Stretched and Stressed by Outbreak, African Doctors Push Back

For as long as she can remember, Bilqis Muhammad wanted to be a doctor. At age 34, she works in the emergency room of a hospital in Zaria, a city of 400,000 in the grasslands of northern Nigeria. Though she frequently has to put in overtime to make up for staff shortages, in seven years on the job she’s always showed up for work, no matter how tired or frustrated she was. The novel coronavirus pandemic has changed that.

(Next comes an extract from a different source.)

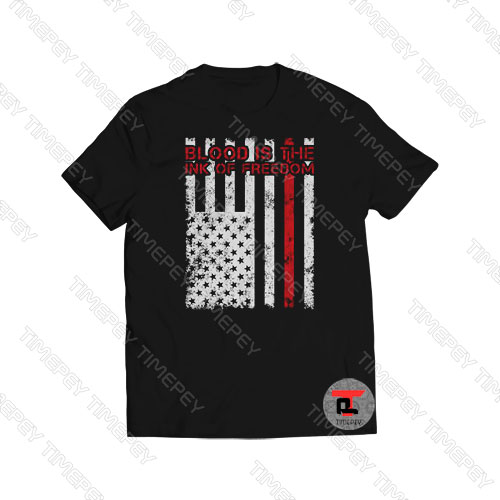 Blood Is The Ink Of Freedom America Viral Fashion T Shirt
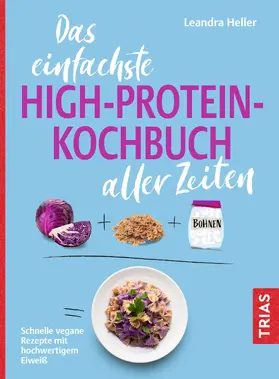 Heller |  Das einfachste High-Protein-Kochbuch aller Zeiten | Buch |  Sack Fachmedien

On June 15, Muhammad joined thousands of Nigerian physicians in a strike to highlight the dangerous conditions they face in the outbreak, which has infected more than 250 doctors in Nigeria and killed at least 12. The union says staff lack sufficient protective equipment, haven’t received promised overtime bonuses, and have been shaken down by police while commuting during the lockdown. “We’re putting in our best in the Covid response,” says Muhammad, a union leader in Zaria. “And the government isn’t ready to give us adequate protection.”

Stretched and Stressed by Outbreak, African Doctors Push Back

Across Africa, doctors are pushing back against the risks they’re being asked to shoulder in the pandemic. In Sierra Leone, physicians are refusing to treat coronavirus patients until the government provides them with promised “hazard pay.” In Ivory Coast, a half-dozen unions representing medical staff threatened to walk out in April to protest a lack of protective clothing and equipment, but they called off the strike when the government agreed to conditions neither side will disclose.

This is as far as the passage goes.